## Directions
Please return the full listing word for word, leaving out any pictures.

## Information supplied

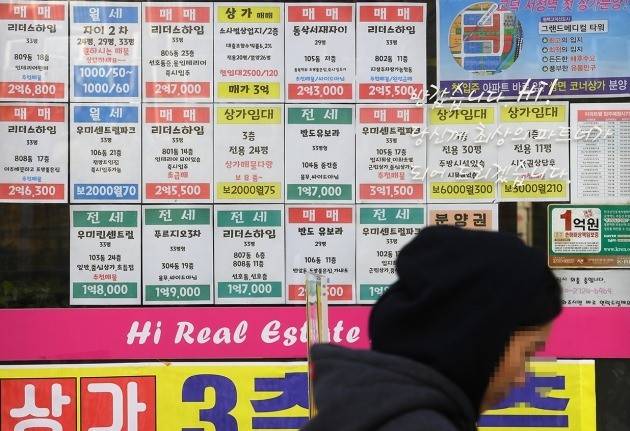 새 아파트 공급이 몰리고 있는 경기 평택 소사벌지구의 한 중개업소. 한경DB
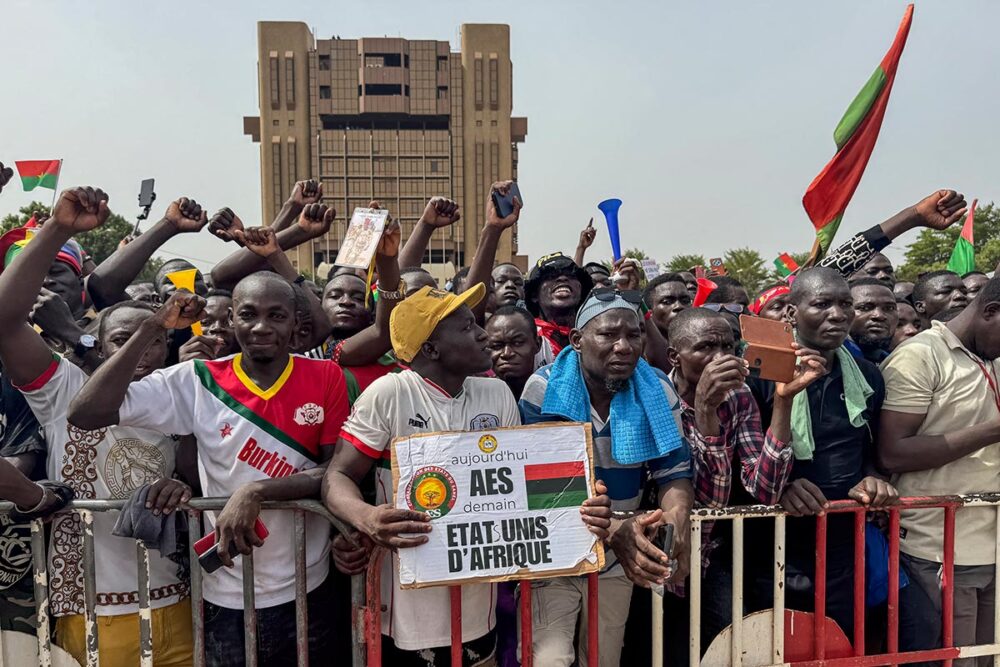 L'annonce du retrait de la Cour pénale internationale (CPI) par les trois Etats du Sahel était-il juste une illusion ? Photo : manifestation en faveur de l’Alliance des États du Sahel (AES) au Burkina Faso.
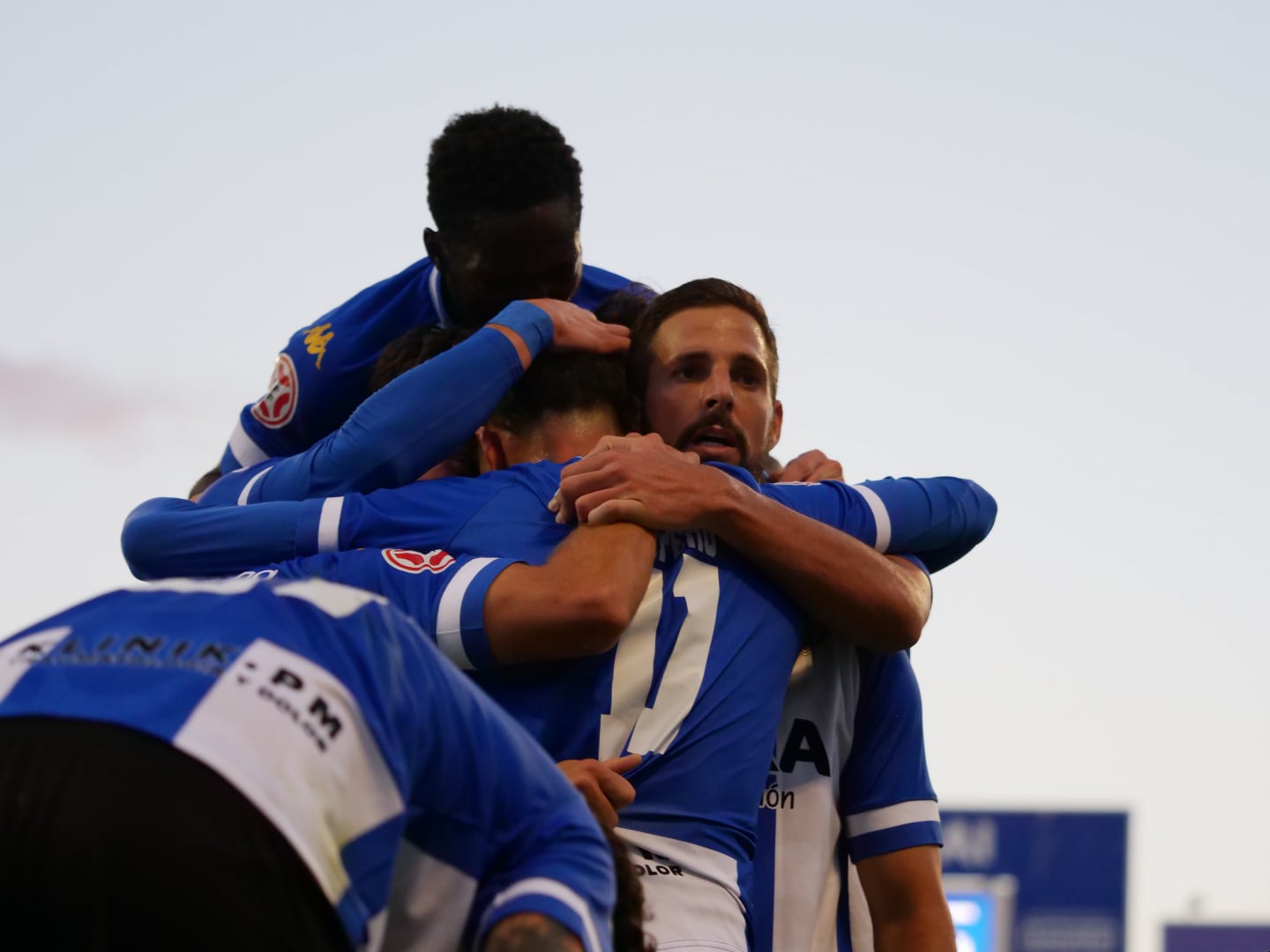 Los jugadores del Hércules CF celebran con Ropero su gol frente al CE Europa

## Final answer
 새 아파트 공급이 몰리고 있는 경기 평택 소사벌지구의 한 중개업소. 한경DB
 L'annonce du retrait de la Cour pénale internationale (CPI) par les trois Etats du Sahel était-il juste une illusion ? Photo : manifestation en faveur de l’Alliance des États du Sahel (AES) au Burkina Faso.
 Los jugadores del Hércules CF celebran con Ropero su gol frente al CE Europa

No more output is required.